▶ **ACTIVITY**
Every entry below must be repeated exactly; skip the pictures.

▶ **SUPPLIED MATERIAL**
++++++

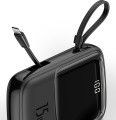 powerbank-baseus-qpow-15w-lightning-10000mah-czarny_07.jpg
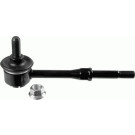 Stabilisator HA li/re HYUNDAI 31246 01 Stabilisator HA li/re HYUNDAI 31246 01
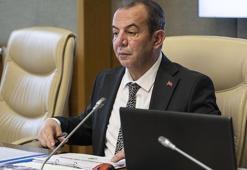 TBMM'de komisyon Bolu Belediye Başkanı Özcan'ı dinledi: Sorumluluk sahamızda değil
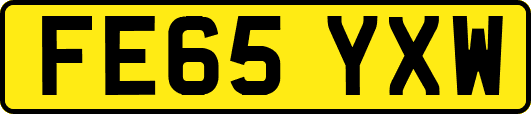 FE65YXW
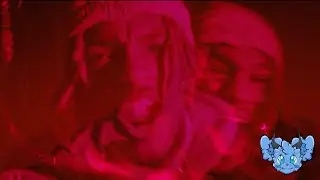 Tom The Mail Man - FWM2 (Official Music Video)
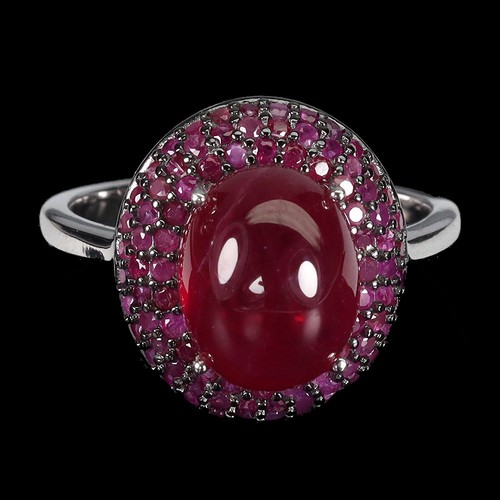 Bague egemdiamond argent - egemdiamond, 925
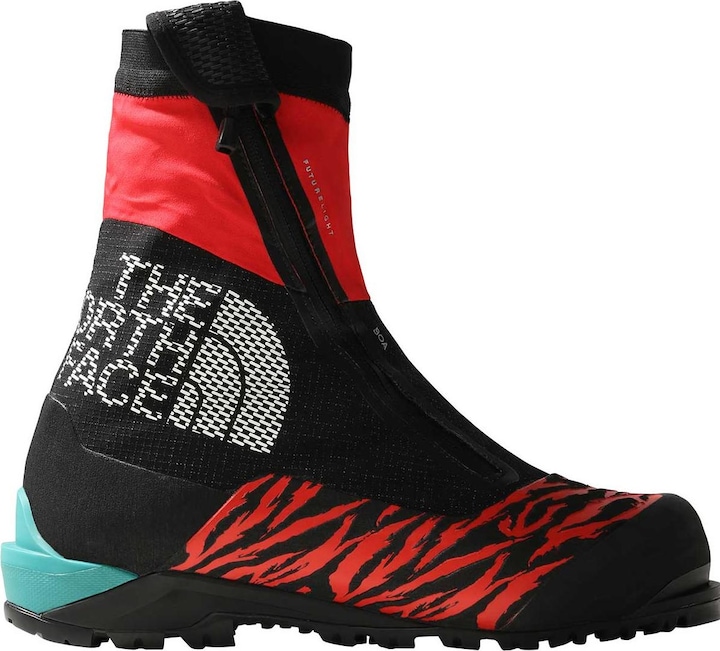 Actual product image North Face Summit Torre Egger Futurelight (44)
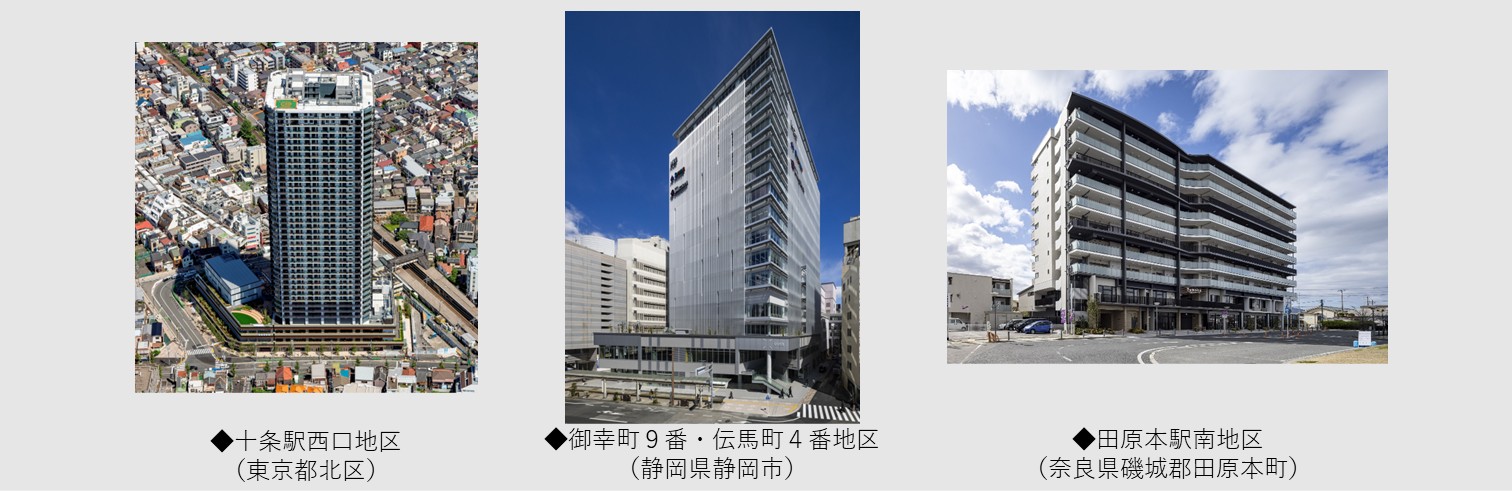 Ｒ7功労者③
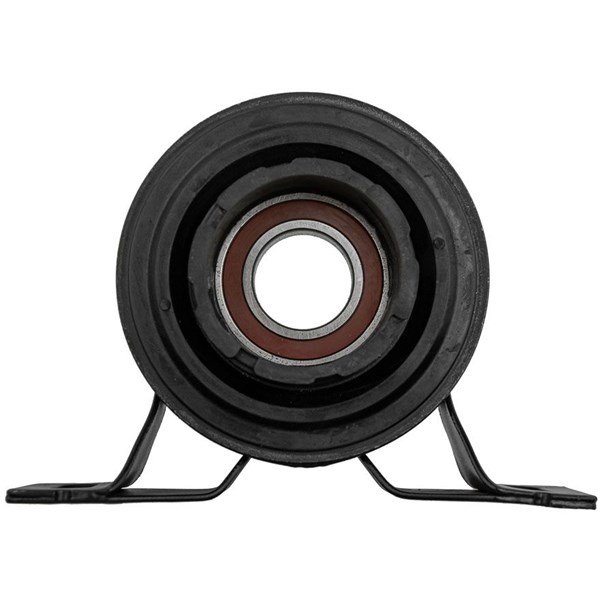 Upphängning, kardanaxel Nty NLW-LR-001 NTY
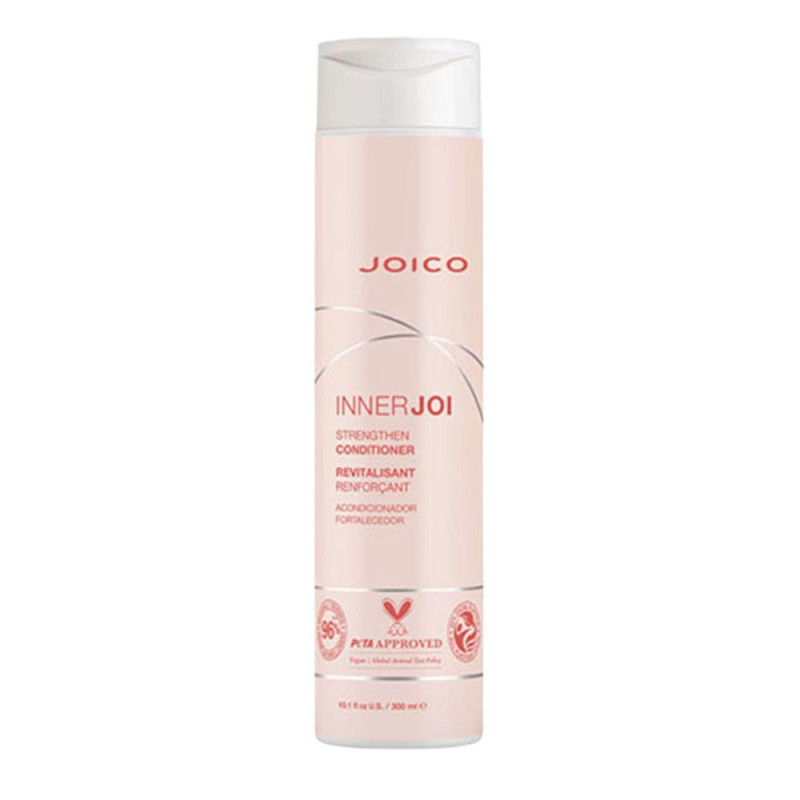 InnerJoi Strenghten Conditioner - 250 ml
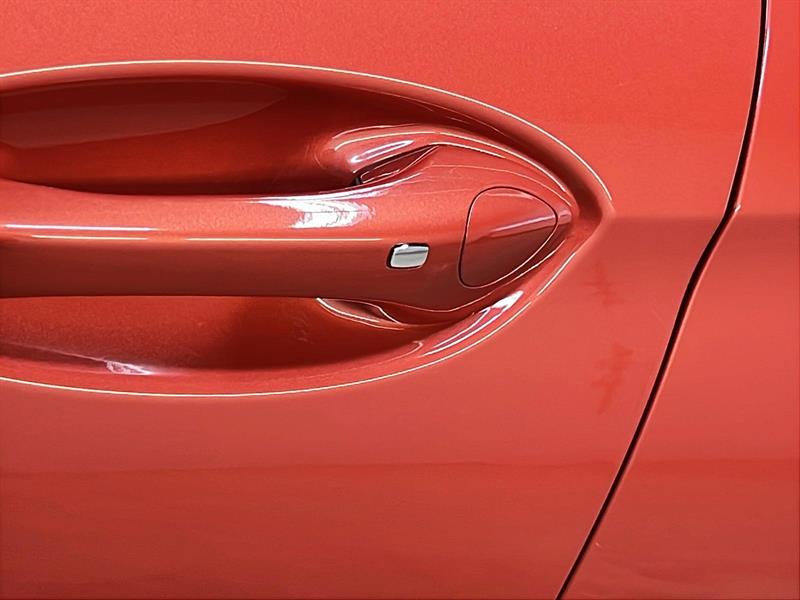 buick Envista 2024 - 24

++++++

▶ **SOLVED PROBLEM**
 powerbank-baseus-qpow-15w-lightning-10000mah-czarny_07.jpg
 Stabilisator HA li/re HYUNDAI 31246 01 Stabilisator HA li/re HYUNDAI 31246 01
 TBMM'de komisyon Bolu Belediye Başkanı Özcan'ı dinledi: Sorumluluk sahamızda değil
 FE65YXW
 Tom The Mail Man - FWM2 (Official Music Video)
 Bague egemdiamond argent - egemdiamond, 925
 Actual product image North Face Summit Torre Egger Futurelight (44)
 Ｒ7功労者③
 Upphängning, kardanaxel Nty NLW-LR-001 NTY
 InnerJoi Strenghten Conditioner - 250 ml
 buick Envista 2024 - 24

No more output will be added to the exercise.